E.F. (“Ted”) Codd conceived of his relational model for databases while working at IBM in 1969. Codd’s approach took a cue from first-order predicate logic, the basis of a large number of other mathematical systems, and was presented in terms of set theory leaving physical representation and access implementer-defined. In June of 1970, Codd laid down much of his extensive groundwork for the model in his article, “A Relational Model of Data for Large Shared Data Banks” published in the Communications of the ACM, a highly regarded professional journal published by the Association for Computing Machinery. Over the next few years Codd and his relational ideas blazed across the academic computing landscape.

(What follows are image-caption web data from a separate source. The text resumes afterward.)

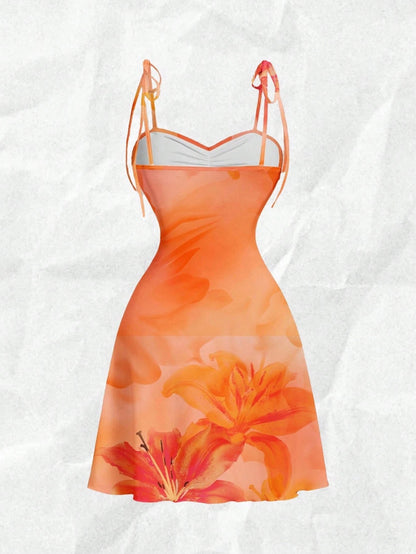 Tie-Shoulder Ruched A-Line Mini Dress | Hawaiian Floral Slim-Fit Summer Bodycon Dress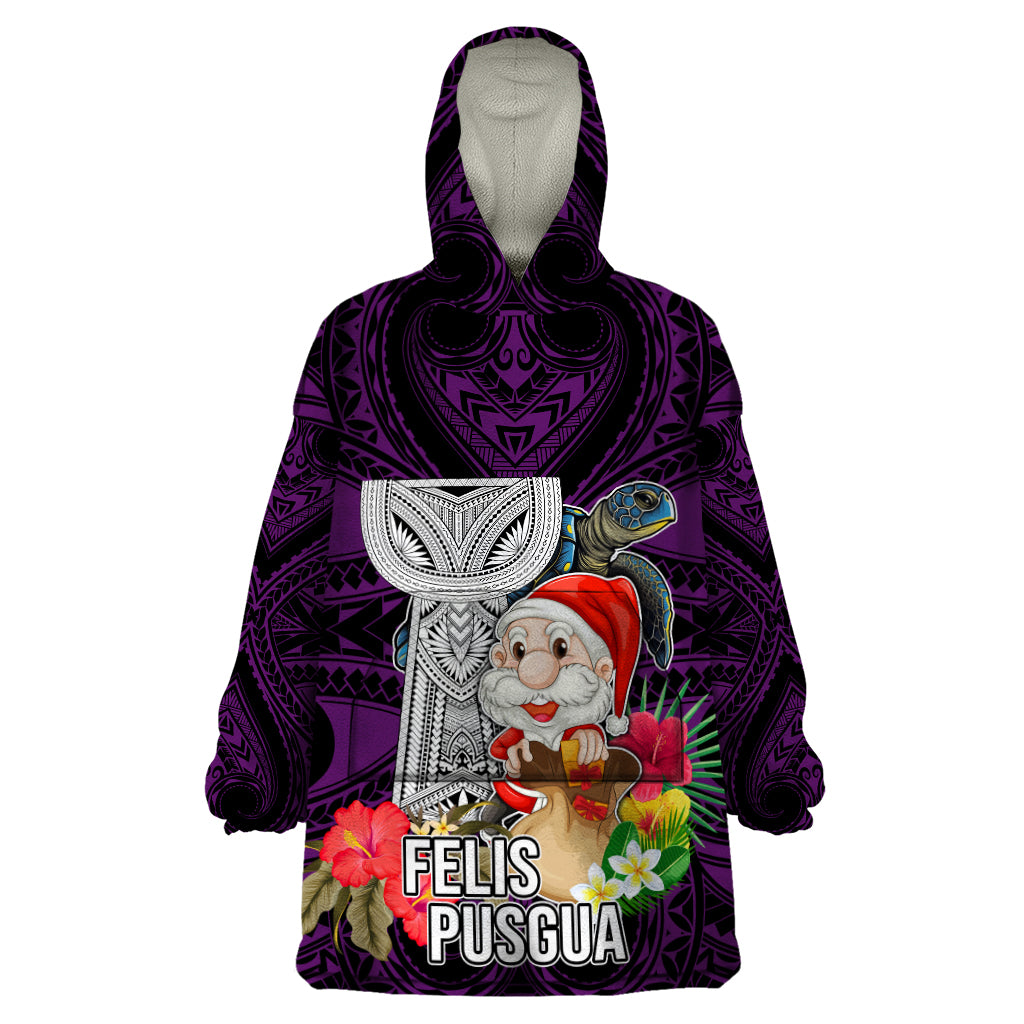 Custom Guam Christmas Wearable Blanket Hoodie Santa Gift Latte Stone and Sea Turle Mix Hibiscus Chamorro Pink Style LT03 One Size Pink - Polynesian Pride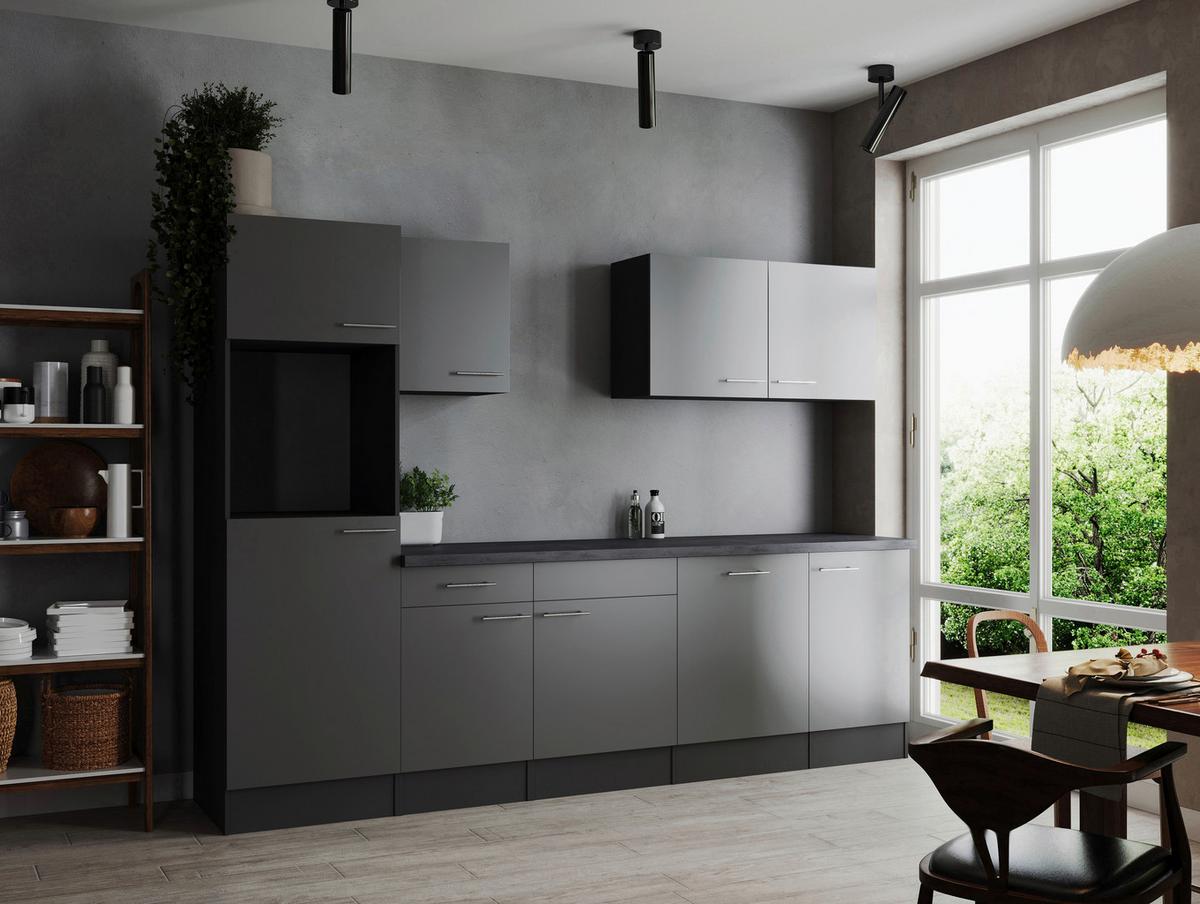 Kuhinjski Blok Brez Aparatov Oliver, 280cm - srebrne barve/siva, Design, kovina/leseni material (280cm) - Respekta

As noted by Fabian Pascal:

  • formally a relation is a special set of tuples, representing propositions about the real world.
  • informally a relational table can be viewed as representing an “entity type” with rows representing “entities” of that type.

But note carefully that:

  • “entity” has no precise, formal definition
  • “relationship” can and should be regarded as a special case of entity

To support his relational theory Codd developed a language called ALPHA that he often used to communicate ideas in an academic context. However, in 1974 and 1975 Raymond Boyce and Don Chamberlin of IBM designed a new fourth generation language to extract information from systems based on Codd’s relational model known as Structured English Query Language, or SEQUEL. This would later be shortened to SQL but is still most correctly pronounced “sequel.” For better or worse, SQL has become popularly known as the relational language, much to the chagrin of certain luminaries of the database world such as Fabian Pascal, C.J. Date and Codd himself. Although SQL was an obvious improvement over many earlier quasi-languages used to perform database queries like CODASYL (which required complex code to answer even the simplest of questions database), it is not a fully relational or declarative language. SQL does, more or less, allows users to specify the results they want rather than having to specify a physical location, there are significant procedural elements in the language. Ideally, a purely declarative relational language would entirely shield the user from having to figure out the best way to execute the program. As it is, today’s Sql databases will still show wildly divergent execution times for different expressions of the same logic. Nonetheless, the relative scope and elegance has made SQL the benchmarkdatabase query language and has become almost synonymous with the relational model.

Despite all the excitement it was not until 1979 that the first commercial database product to use SQL was released by Oracle, only two years after its founding. This offering was quickly followed by IBM’s SQL/DS product, the forerunner to DB2. By the mid-1980s the relational bandwagon was definitely getting crowded with new companies hawking all sorts of “relational” wares. Not only were DB2 and Oracle significant players in the market but there was also Digital Equipment Corporation’s RDB, Relational Technology’s Ingres along with a host of other lesser-known products. Codd had extended his model further in his aptly titled paper “Extending the Database Relational Model to Capture More Meaning,” published in 1979 in the December issue of the ACM Transactions on Database Systems. However as the marketing departments of commercial database companies increasingly began beating loudly on the relational drum, Codd became increasingly distressed over what he saw as the unfulfilled promise of relational technology. In 1985, Codd, now president of the Relational Institute and with his own consultancy, put forth 12 basic rules plus nine structural, 18 manipulative and all three integrity rules, all of which had to be satisfied for a database to be considered fully relational. More rules would be forthcoming, but Codd assured readers that the current rules would be more than adequate to ensure that a database was “mid-80s” fully relational. Also in this paper Codd clearly demonstrated that no vendor could honestly profess to have a fully relational system. He took the entire industry to task for overstating their conformance to the relational model. He offered a few scathing criticisms of the then current draft of the first ANSI SQL standard as well. In 1989 Codd published his promised revision of the relational model in the book “The Relational Model of Database Management Version 2.” Needless to say, most relational database vendors fared even worse in Codd’s 1989 relational fidelity tests than they did in his mid-80’s tests.

Codd had simplicity as a major objective of his model. Unfortunately, given the depth and complexity of Codd’s thought, not to mention the arcane mathematical terms in which he often expressed himself, many of his key points continue to be misunderstood by practitioners.